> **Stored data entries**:
_ _ _ _ _
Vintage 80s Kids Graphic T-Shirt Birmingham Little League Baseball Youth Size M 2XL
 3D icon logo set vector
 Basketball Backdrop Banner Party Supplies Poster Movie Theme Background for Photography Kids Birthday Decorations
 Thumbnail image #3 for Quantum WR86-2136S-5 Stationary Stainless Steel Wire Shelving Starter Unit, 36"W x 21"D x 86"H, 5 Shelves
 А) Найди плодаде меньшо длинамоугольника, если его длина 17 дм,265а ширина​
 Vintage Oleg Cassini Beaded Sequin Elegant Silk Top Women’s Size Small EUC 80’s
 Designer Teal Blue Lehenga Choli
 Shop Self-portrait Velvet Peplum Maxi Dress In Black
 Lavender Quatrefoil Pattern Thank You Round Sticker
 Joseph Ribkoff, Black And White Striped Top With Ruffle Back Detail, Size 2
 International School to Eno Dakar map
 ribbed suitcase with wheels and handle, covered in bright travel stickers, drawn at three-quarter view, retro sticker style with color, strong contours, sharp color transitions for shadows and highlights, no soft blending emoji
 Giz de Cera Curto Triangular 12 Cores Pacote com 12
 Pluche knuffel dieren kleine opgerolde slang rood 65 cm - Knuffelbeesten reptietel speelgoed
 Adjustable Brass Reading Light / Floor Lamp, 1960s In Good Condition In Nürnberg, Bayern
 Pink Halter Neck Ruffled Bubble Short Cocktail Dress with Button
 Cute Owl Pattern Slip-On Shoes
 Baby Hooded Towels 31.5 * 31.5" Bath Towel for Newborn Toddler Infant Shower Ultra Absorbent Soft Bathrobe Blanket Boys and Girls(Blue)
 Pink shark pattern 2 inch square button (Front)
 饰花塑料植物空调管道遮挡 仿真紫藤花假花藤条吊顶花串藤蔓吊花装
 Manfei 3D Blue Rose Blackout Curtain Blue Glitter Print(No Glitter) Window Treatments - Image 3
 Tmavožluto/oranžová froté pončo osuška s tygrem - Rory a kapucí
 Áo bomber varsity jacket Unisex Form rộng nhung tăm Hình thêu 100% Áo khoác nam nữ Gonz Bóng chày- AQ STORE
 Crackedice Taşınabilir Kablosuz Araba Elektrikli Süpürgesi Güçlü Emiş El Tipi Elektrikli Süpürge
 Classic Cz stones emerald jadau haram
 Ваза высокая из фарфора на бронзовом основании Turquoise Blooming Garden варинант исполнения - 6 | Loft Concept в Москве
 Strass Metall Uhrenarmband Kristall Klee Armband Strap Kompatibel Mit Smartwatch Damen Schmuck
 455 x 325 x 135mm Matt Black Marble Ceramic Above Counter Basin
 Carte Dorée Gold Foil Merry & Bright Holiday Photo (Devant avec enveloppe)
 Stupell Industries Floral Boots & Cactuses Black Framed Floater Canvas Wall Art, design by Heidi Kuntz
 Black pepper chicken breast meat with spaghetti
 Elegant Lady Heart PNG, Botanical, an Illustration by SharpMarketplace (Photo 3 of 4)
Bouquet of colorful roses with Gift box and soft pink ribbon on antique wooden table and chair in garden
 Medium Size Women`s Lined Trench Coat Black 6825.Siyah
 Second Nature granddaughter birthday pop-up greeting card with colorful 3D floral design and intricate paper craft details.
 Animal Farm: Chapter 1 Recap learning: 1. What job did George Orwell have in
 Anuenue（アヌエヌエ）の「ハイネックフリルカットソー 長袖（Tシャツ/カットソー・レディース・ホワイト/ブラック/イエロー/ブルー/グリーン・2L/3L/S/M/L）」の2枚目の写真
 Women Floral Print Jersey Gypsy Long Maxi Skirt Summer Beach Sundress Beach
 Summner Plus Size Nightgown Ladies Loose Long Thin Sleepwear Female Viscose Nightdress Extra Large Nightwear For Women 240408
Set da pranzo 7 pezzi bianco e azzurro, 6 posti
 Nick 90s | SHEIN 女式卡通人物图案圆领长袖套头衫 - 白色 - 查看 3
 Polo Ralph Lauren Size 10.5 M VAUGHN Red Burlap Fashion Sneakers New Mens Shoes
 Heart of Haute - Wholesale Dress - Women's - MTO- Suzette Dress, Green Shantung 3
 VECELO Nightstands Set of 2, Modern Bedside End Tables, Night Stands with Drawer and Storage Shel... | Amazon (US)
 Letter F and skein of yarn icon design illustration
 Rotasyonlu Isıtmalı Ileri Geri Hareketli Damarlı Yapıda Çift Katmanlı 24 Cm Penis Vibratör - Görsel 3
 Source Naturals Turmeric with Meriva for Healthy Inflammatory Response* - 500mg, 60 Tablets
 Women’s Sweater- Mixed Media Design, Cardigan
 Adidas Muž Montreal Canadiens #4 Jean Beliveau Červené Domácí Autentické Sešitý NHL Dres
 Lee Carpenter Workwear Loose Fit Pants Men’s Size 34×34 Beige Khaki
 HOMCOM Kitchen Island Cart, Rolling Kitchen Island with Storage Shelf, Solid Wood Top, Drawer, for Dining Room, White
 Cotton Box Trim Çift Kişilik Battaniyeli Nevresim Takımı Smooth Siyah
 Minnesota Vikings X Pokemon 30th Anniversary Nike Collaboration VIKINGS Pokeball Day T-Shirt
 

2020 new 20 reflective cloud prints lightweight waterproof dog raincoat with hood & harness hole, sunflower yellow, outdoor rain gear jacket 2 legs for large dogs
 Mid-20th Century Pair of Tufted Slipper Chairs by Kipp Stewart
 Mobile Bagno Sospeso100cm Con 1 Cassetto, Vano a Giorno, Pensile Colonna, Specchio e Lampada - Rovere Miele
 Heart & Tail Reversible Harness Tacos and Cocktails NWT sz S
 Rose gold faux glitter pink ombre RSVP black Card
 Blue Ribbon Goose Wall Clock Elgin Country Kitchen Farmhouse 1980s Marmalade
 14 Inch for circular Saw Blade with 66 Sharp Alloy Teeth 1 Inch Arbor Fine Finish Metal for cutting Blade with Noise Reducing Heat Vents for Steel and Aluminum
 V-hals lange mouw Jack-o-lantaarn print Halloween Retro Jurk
_ _ _ _ _
> **WHAT YOU WILL DO**:
Output, please, only the lines running from the start of the entries through the line that contains "Adjustable Brass Reading", including both of those lines.

> **ANSWER FOR THE TASK**:
Vintage 80s Kids Graphic T-Shirt Birmingham Little League Baseball Youth Size M 2XL
 3D icon logo set vector
 Basketball Backdrop Banner Party Supplies Poster Movie Theme Background for Photography Kids Birthday Decorations
 Thumbnail image #3 for Quantum WR86-2136S-5 Stationary Stainless Steel Wire Shelving Starter Unit, 36"W x 21"D x 86"H, 5 Shelves
 А) Найди плодаде меньшо длинамоугольника, если его длина 17 дм,265а ширина​
 Vintage Oleg Cassini Beaded Sequin Elegant Silk Top Women’s Size Small EUC 80’s
 Designer Teal Blue Lehenga Choli
 Shop Self-portrait Velvet Peplum Maxi Dress In Black
 Lavender Quatrefoil Pattern Thank You Round Sticker
 Joseph Ribkoff, Black And White Striped Top With Ruffle Back Detail, Size 2
 International School to Eno Dakar map
 ribbed suitcase with wheels and handle, covered in bright travel stickers, drawn at three-quarter view, retro sticker style with color, strong contours, sharp color transitions for shadows and highlights, no soft blending emoji
 Giz de Cera Curto Triangular 12 Cores Pacote com 12
 Pluche knuffel dieren kleine opgerolde slang rood 65 cm - Knuffelbeesten reptietel speelgoed
 Adjustable Brass Reading Light / Floor Lamp, 1960s In Good Condition In Nürnberg, Bayern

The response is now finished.